═══ Dataset records
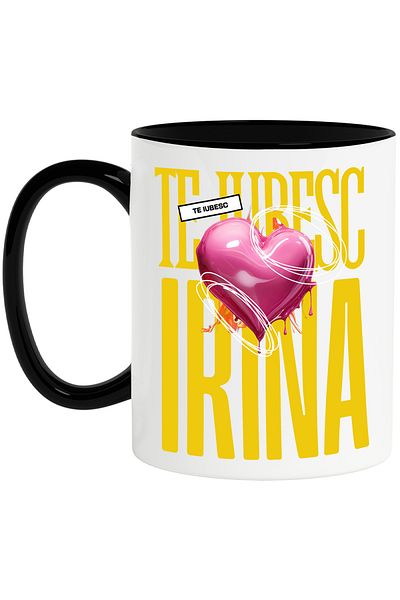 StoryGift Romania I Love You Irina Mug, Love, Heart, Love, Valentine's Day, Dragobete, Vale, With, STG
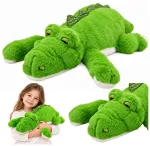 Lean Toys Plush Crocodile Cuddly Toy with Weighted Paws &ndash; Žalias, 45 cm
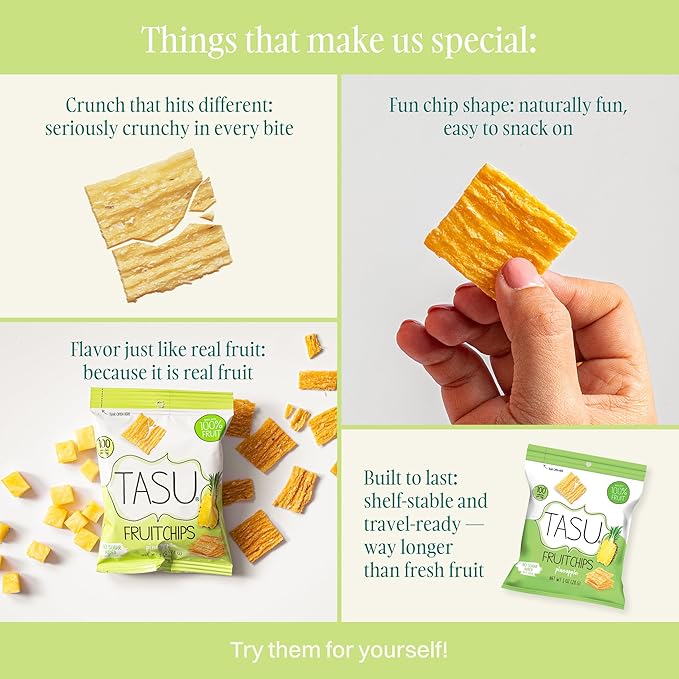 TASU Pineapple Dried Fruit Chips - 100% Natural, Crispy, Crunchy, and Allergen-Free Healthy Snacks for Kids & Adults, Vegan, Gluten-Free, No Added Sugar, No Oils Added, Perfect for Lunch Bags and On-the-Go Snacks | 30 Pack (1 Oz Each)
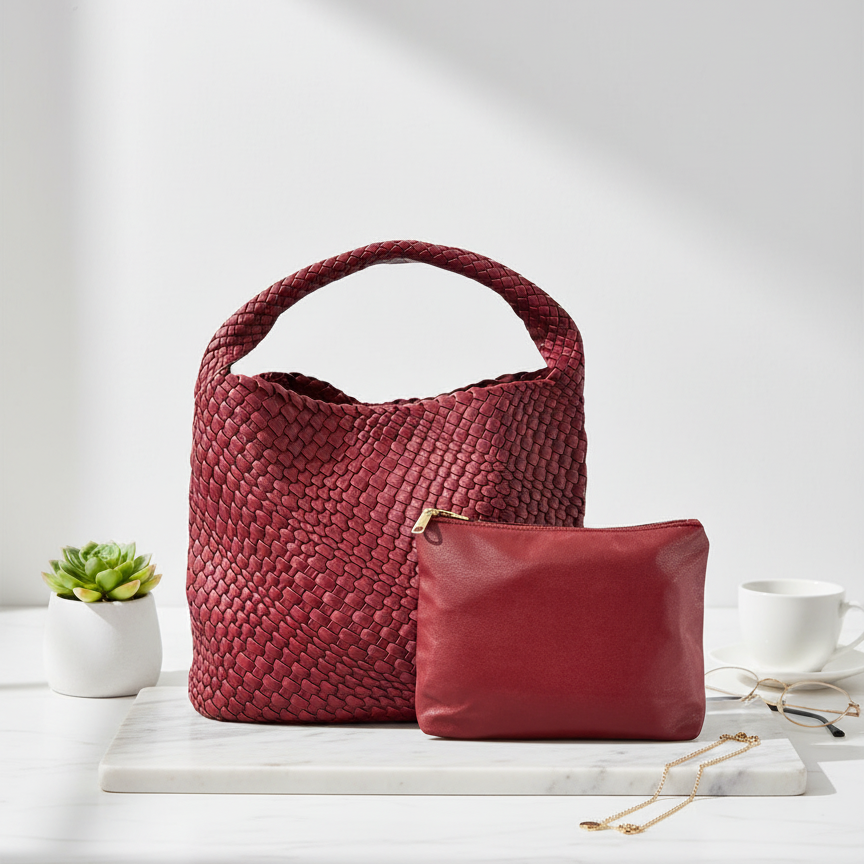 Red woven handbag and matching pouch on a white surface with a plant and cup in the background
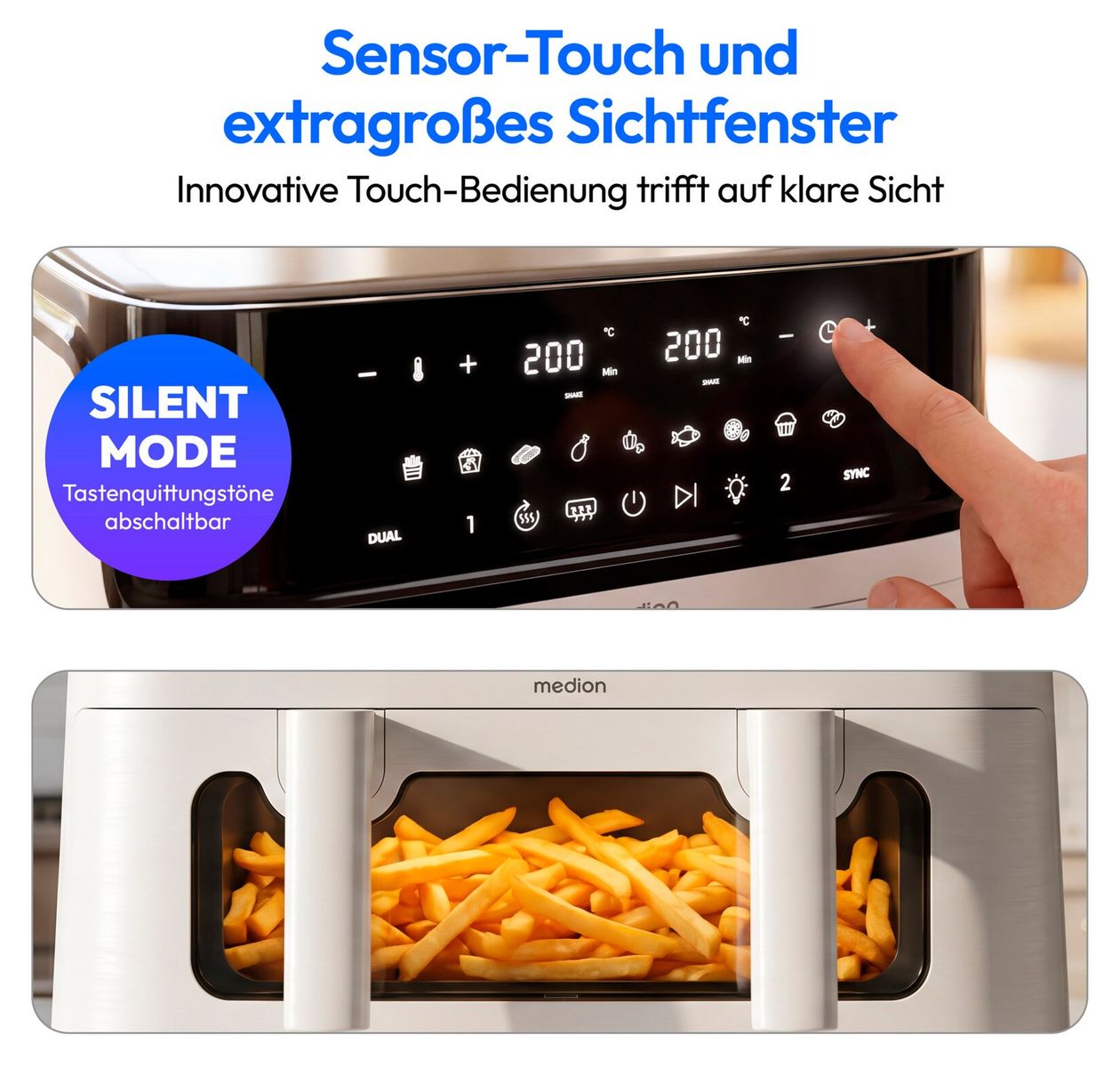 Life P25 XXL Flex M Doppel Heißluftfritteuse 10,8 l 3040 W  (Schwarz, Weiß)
══════
Task description →
Repeat the data exactly, excluding the pictures.

Output below →
 StoryGift Romania I Love You Irina Mug, Love, Heart, Love, Valentine's Day, Dragobete, Vale, With, STG
 Lean Toys Plush Crocodile Cuddly Toy with Weighted Paws &ndash; Žalias, 45 cm
 TASU Pineapple Dried Fruit Chips - 100% Natural, Crispy, Crunchy, and Allergen-Free Healthy Snacks for Kids & Adults, Vegan, Gluten-Free, No Added Sugar, No Oils Added, Perfect for Lunch Bags and On-the-Go Snacks | 30 Pack (1 Oz Each)
 Red woven handbag and matching pouch on a white surface with a plant and cup in the background
 Life P25 XXL Flex M Doppel Heißluftfritteuse 10,8 l 3040 W  (Schwarz, Weiß)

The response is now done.